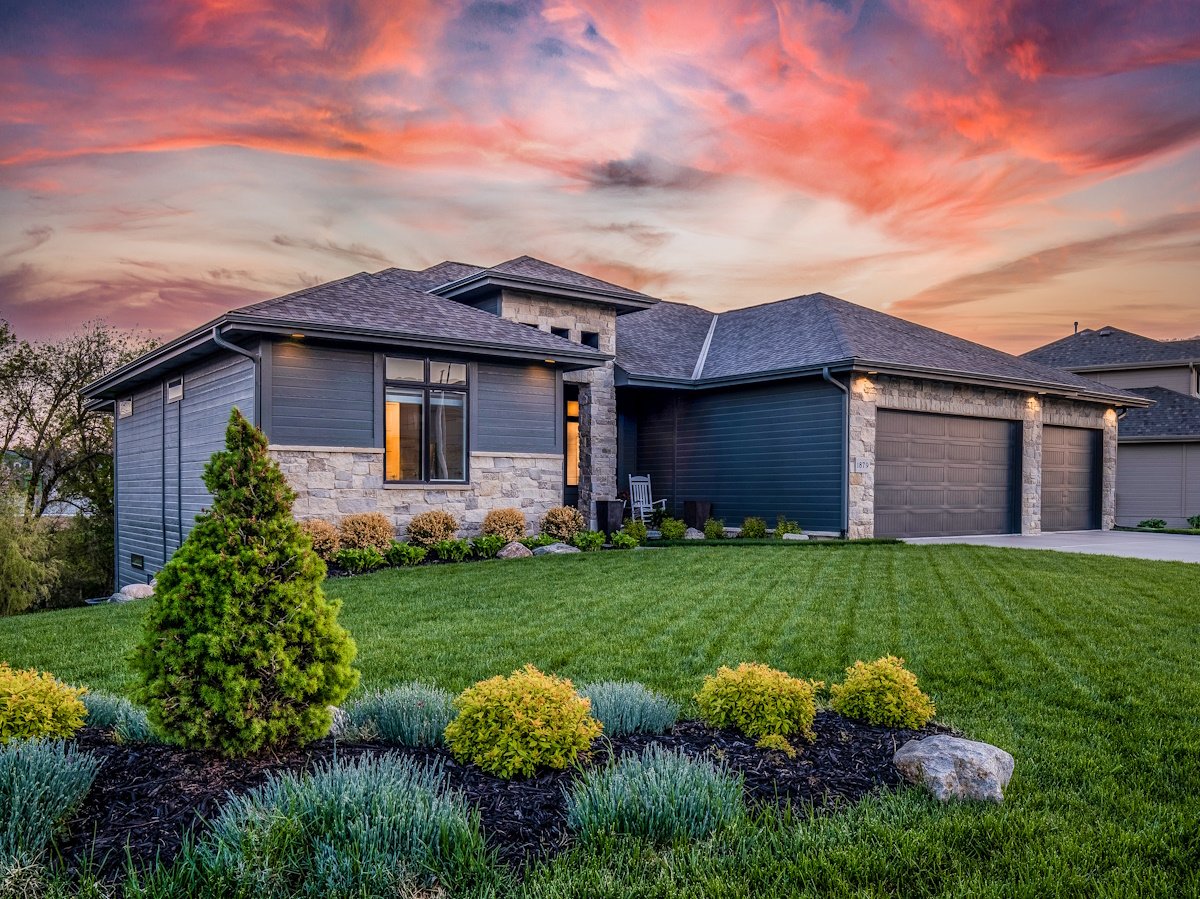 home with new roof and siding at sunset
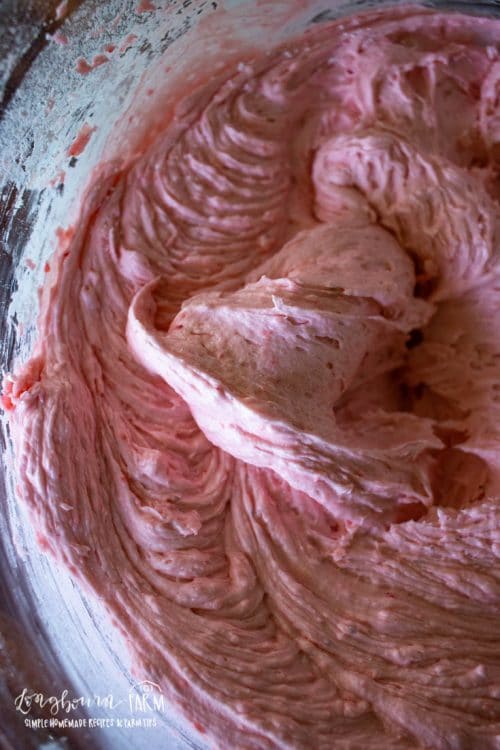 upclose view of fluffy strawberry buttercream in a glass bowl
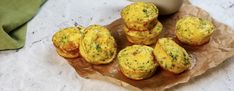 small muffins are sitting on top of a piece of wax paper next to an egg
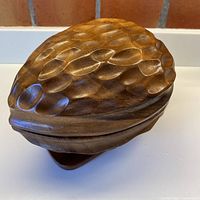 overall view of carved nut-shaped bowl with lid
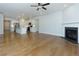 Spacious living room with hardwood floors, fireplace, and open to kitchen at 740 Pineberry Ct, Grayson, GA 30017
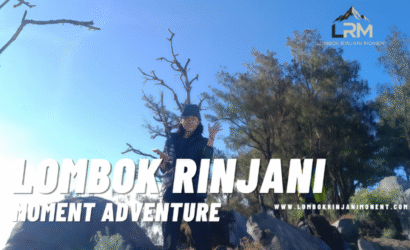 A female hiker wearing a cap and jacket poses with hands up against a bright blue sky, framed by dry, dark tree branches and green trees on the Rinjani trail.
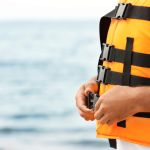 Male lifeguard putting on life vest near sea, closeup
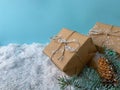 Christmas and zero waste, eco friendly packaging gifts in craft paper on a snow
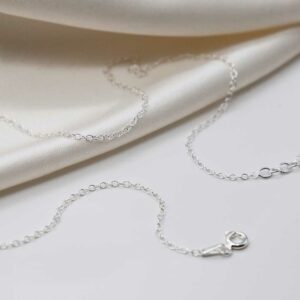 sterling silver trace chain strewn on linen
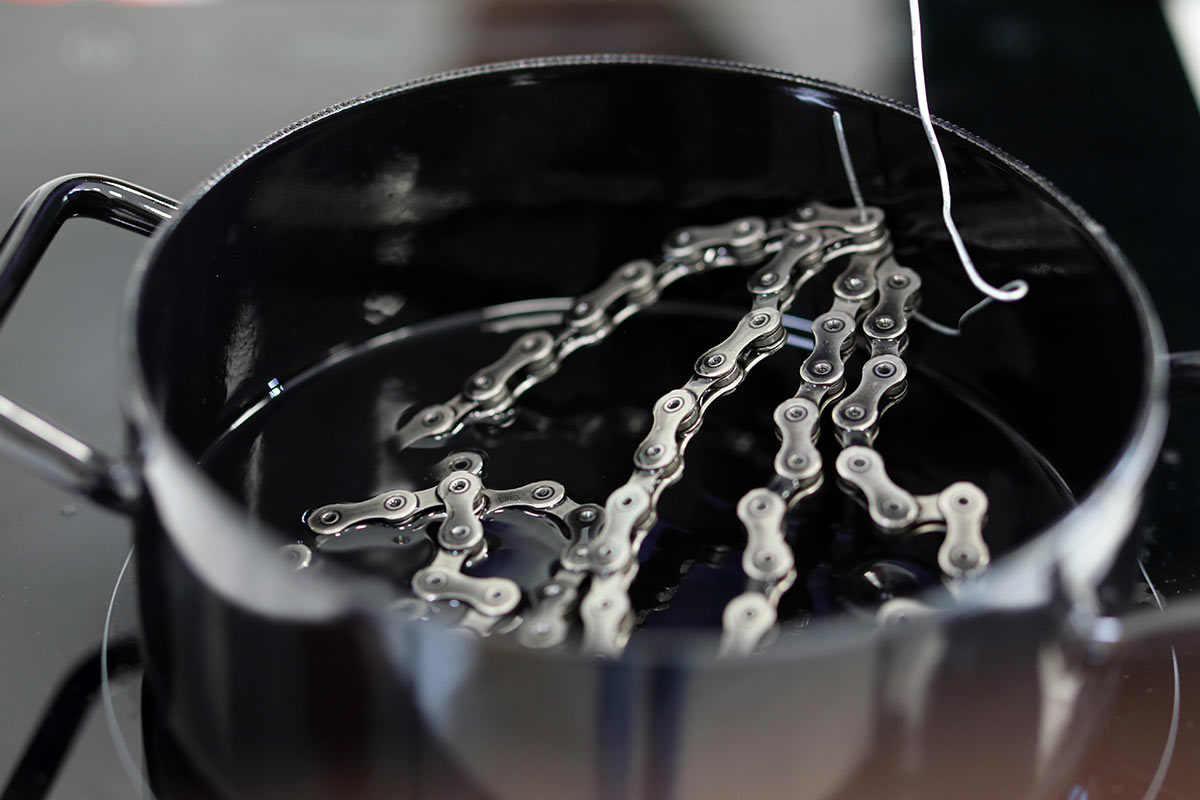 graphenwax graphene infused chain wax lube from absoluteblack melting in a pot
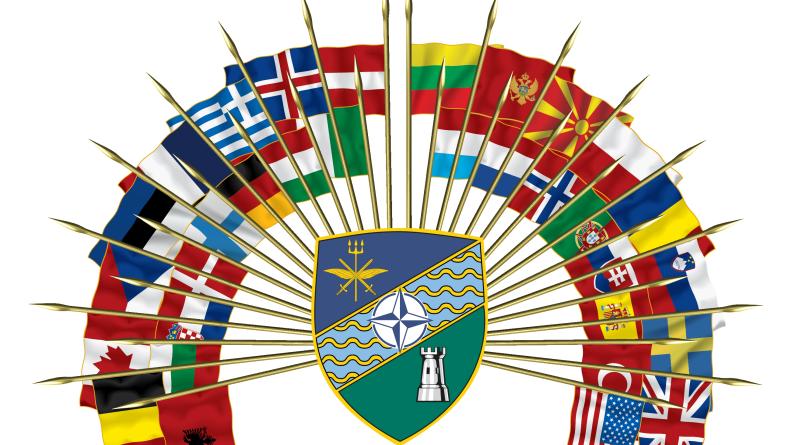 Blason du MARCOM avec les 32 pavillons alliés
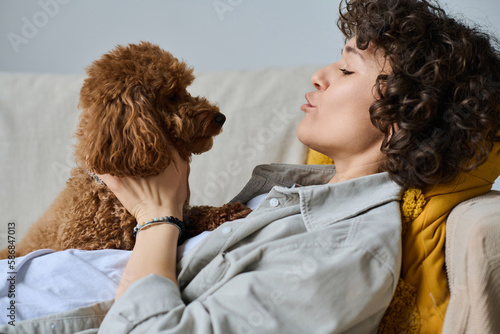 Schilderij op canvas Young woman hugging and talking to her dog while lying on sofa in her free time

--

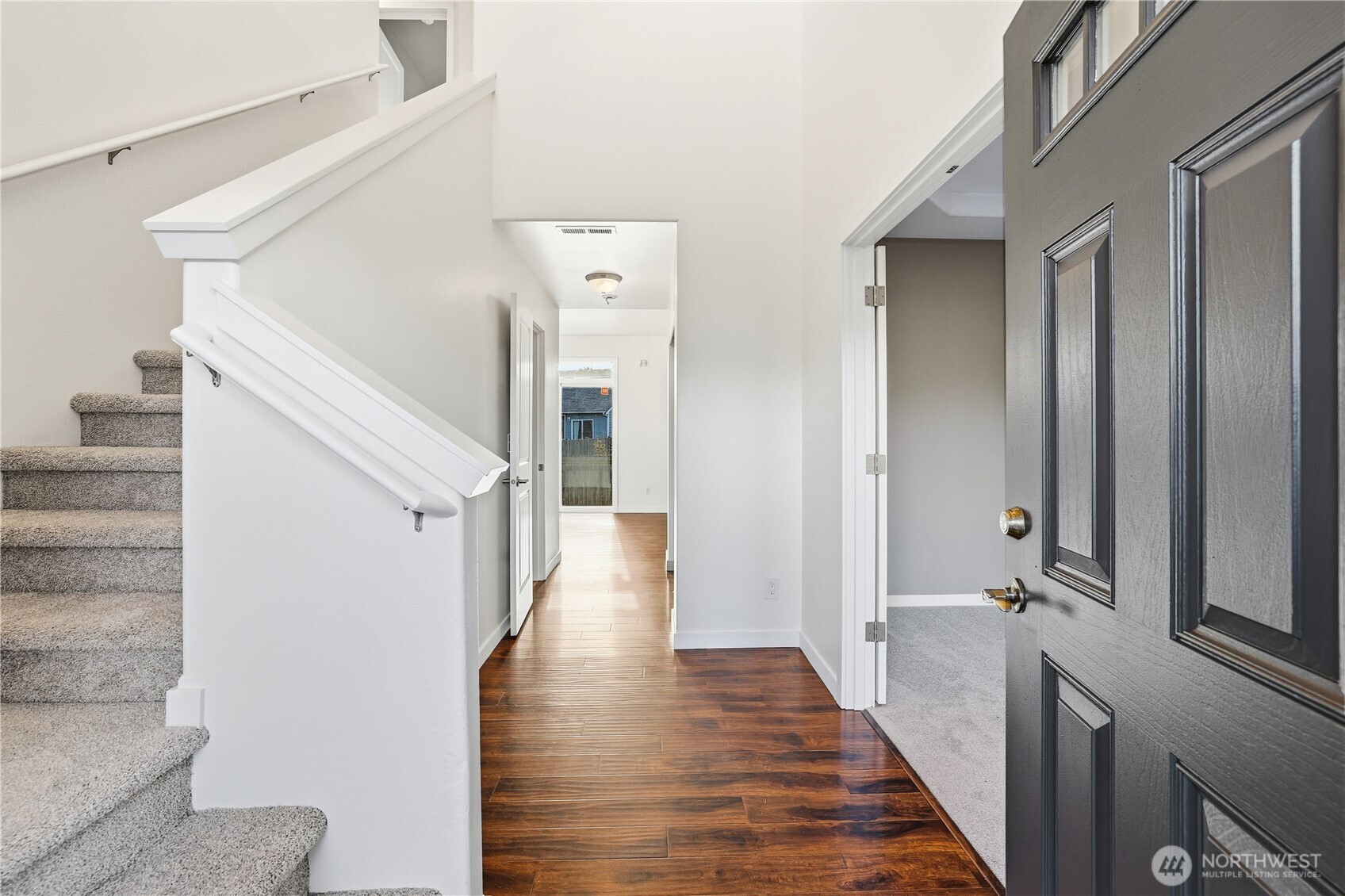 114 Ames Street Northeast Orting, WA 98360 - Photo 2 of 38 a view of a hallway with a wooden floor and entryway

...

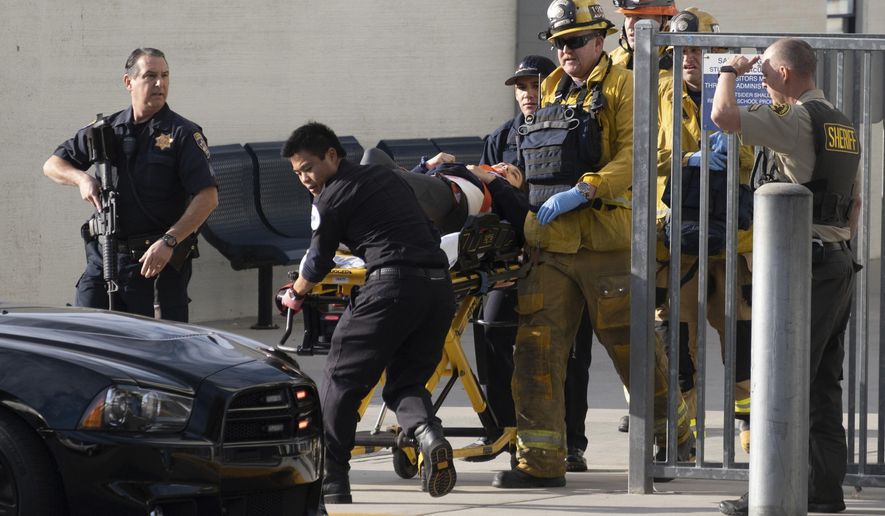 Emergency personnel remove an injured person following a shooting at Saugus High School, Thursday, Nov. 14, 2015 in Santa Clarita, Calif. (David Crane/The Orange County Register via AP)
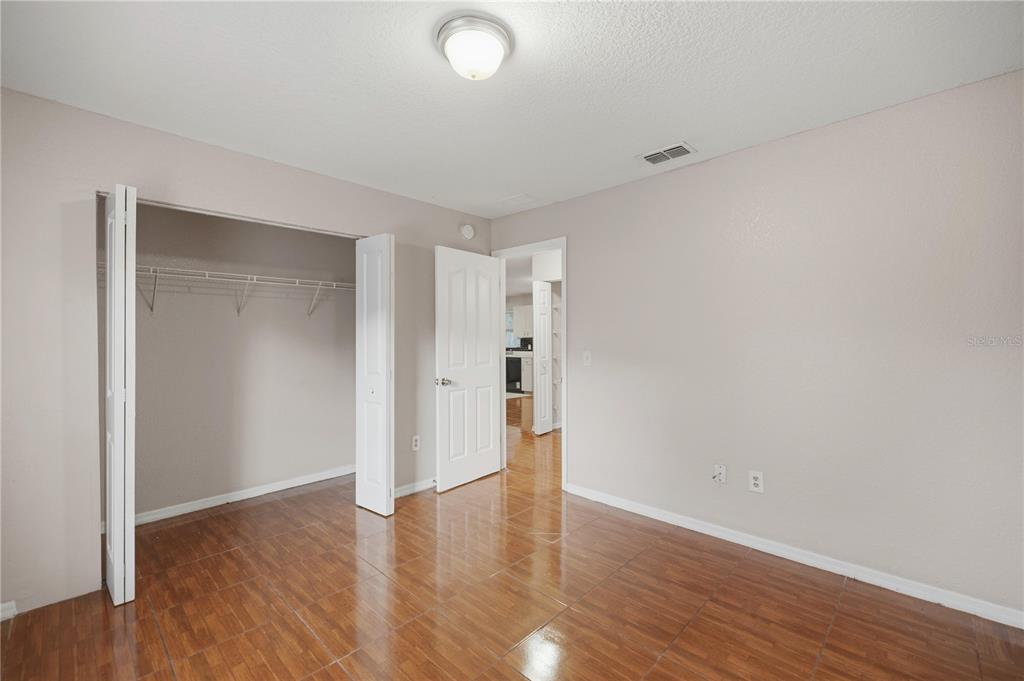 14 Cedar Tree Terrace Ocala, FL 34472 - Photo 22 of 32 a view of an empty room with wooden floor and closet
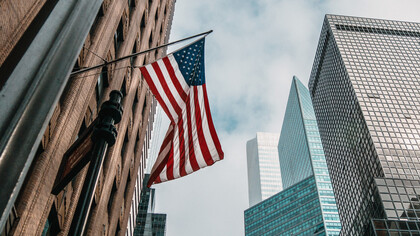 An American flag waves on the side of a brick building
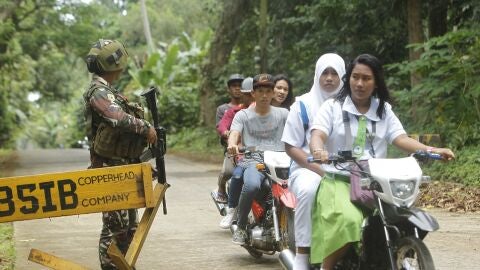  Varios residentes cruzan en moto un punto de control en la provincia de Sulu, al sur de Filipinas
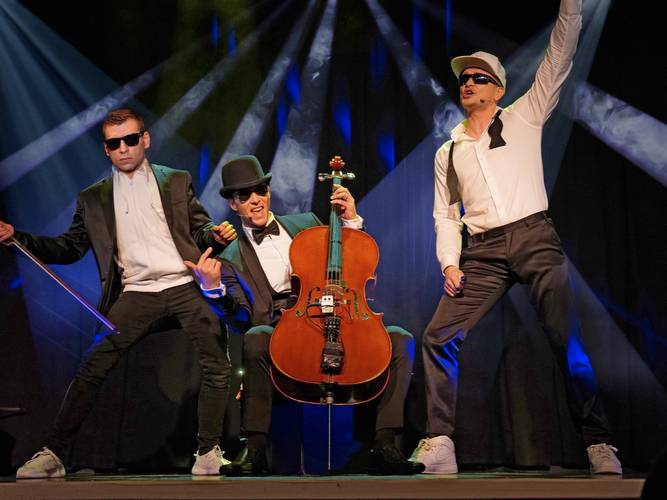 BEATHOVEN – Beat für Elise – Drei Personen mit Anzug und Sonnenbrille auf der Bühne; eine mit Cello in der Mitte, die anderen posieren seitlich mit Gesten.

- **Task directions**:
Excluding any pictures, print exactly the lines of the listing above from the line with "overall view of" to the line with "Schilderij op canvas", both ends included.

- **Answer area**:
 overall view of carved nut-shaped bowl with lid
 Spacious living room with hardwood floors, fireplace, and open to kitchen at 740 Pineberry Ct, Grayson, GA 30017
 A female hiker wearing a cap and jacket poses with hands up against a bright blue sky, framed by dry, dark tree branches and green trees on the Rinjani trail.
 Male lifeguard putting on life vest near sea, closeup
 Christmas and zero waste, eco friendly packaging gifts in craft paper on a snow
 sterling silver trace chain strewn on linen
 graphenwax graphene infused chain wax lube from absoluteblack melting in a pot
 Blason du MARCOM avec les 32 pavillons alliés
 Schilderij op canvas Young woman hugging and talking to her dog while lying on sofa in her free time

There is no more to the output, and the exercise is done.